Tests of virus samples collected Sunday from an unspecified number of people with fevers in the country's capital, Pyongyang, confirmed they were infected with the Omicron variant, state media said. The country has so far officially confirmed one death as linked to an Omicron infection.
Lack of resources
Lacking vaccines, antiviral pills, intensive care units and other major health tools to fight the virus, North Korea's pandemic response will be mostly about isolating people with symptoms at designated shelters, experts say.
North Korea doesn't have technological and other resources to impose extreme lockdowns like China, which has shut down entire cities and confined residents to their homes, nor could it afford to do so at the risk of unleashing further shock on a fragile economy, said Hong Min, an analyst at Seoul's Korea Institute for National Unification.
Even as he called for stronger preventive measures to slow the spread of COVID-19, Kim has also stressed that the country's economic goals should be met, which likely means huge groups will continue to gather at agricultural, industrial and construction sites.
North Korea's claim of a perfect record in keeping out the virus for 2 1/2 years was widely doubted. But its extremely strict border closure, large-scale quarantines and propaganda that stressed anti-virus controls as a matter of "national existence" may have staved off a huge outbreak until now.
Experts are mixed on whether the North's announcement of the outbreak communicates a willingness to receive outside help.
The country had shunned millions of doses offered by the UN-backed COVAX distribution program, possibly because of concerns over international monitoring requirements attached to those shots.

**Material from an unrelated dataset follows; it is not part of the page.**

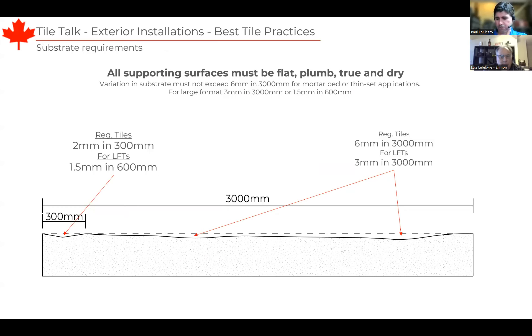All supporting surfaces need to be flat, plumb, true, and dry. If they aren't and we install over them, we'll get at best a wavy floor or an ugly tripping hazard, and at worst we could be creating areas for water to pool, which will lead to moisture issues. The standard is that substrate variations do not exceed 6 millimeters in 3 meters (10 feet) for regular tiles. For large and heavy tiles, the substrate variation gets much stricter — we cannot exceed half that, so 3 millimeters in 3 meters. Over a shorter span of one foot, we cannot have dips lower than 2 millimeters for regular tiles, or more than 1.5 millimeters in 600 millimeters for large and heavy tiles.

North Korea has a higher tolerance for civilian suffering than most other nations and some experts say the country could be willing to accept a certain level of fatalities to gain immunity through infection, rather than receiving vaccines and other outside help.
South Korea's new conservative government led by President Yoon Suk-yeol, who took office on Tuesday, has offered to send vaccines and other medical supplies to North Korea on humanitarian grounds, but Seoul officials say the North has so far made no request for help.
The viral spread could have been accelerated after an estimated tens of thousands of civilians and troops gathered for a massive military parade in Pyongyang on April 25, where Kim took centre stage and showcased the most powerful missiles of his military nuclear program.
After maintaining one of the world's strictest border closures for two years to shield its poor health-care system, North Korea had reopened railroad freight traffic with China in January apparently to ease the strain on its economy. China confirmed the closure of the route last month as it battled COVID-19 outbreaks in the border areas.